**WHAT YOU SHOULD DO**.
The entries that follow should be reproduced exactly, with no images carried over.

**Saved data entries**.
=== Section Start ===

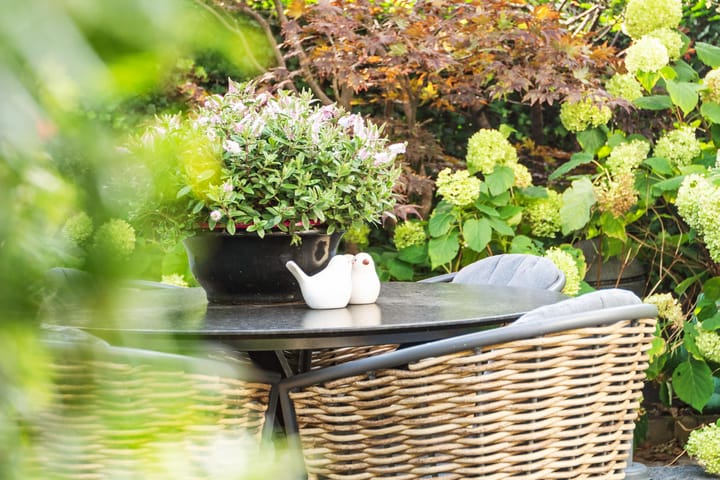 Foto 51 van Dillenburg 3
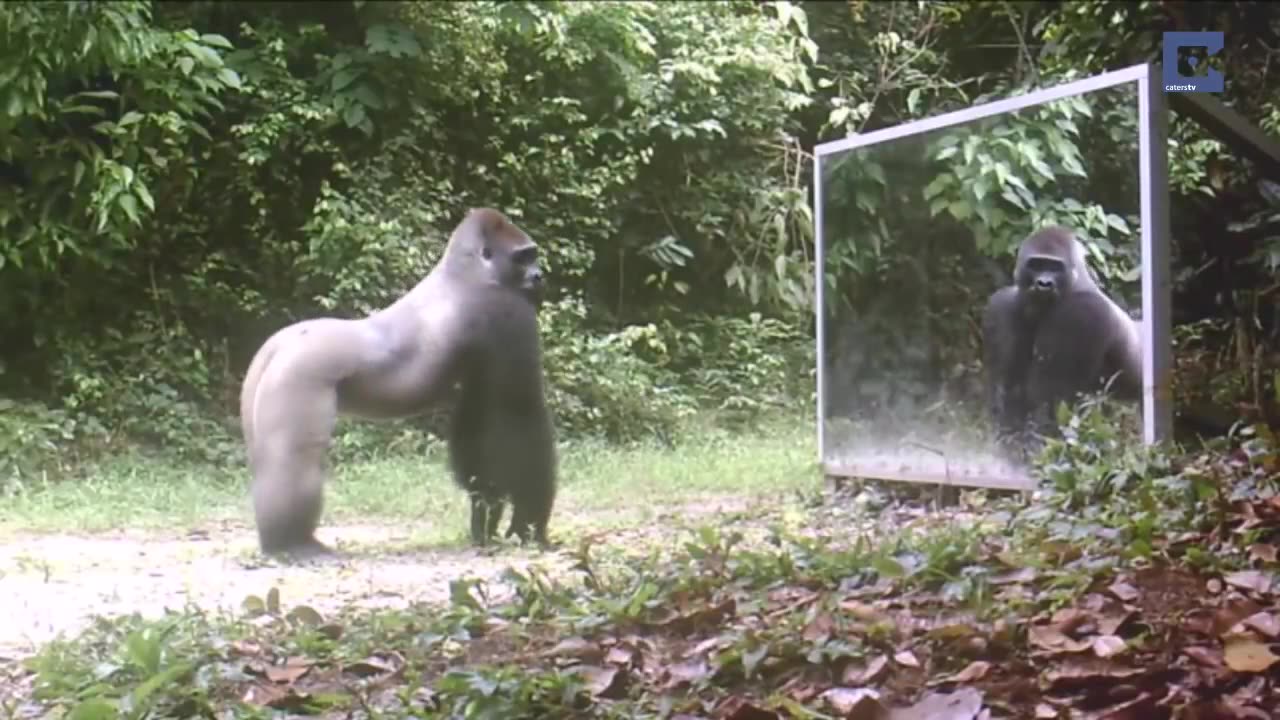 Animals in Mirrors Hilarious Reactions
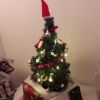 Filename=trees_1.jpg
Filesize=27KB
Dimensions=550x550
Date added=Dec 24, 2016 trees_1.jpg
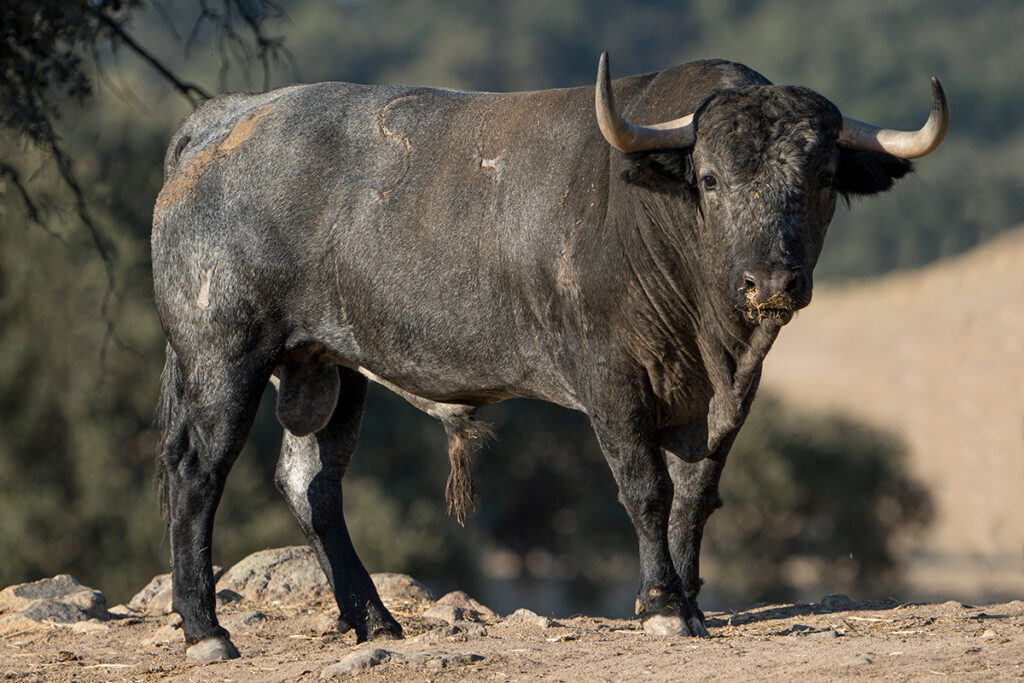 Los toros de Adolfo Martín para Arenas de San Pedro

=== Section End ===

**TASK ANSWER**.
 Foto 51 van Dillenburg 3
 Animals in Mirrors Hilarious Reactions
 Filename=trees_1.jpg
Filesize=27KB
Dimensions=550x550
Date added=Dec 24, 2016 trees_1.jpg
 Los toros de Adolfo Martín para Arenas de San Pedro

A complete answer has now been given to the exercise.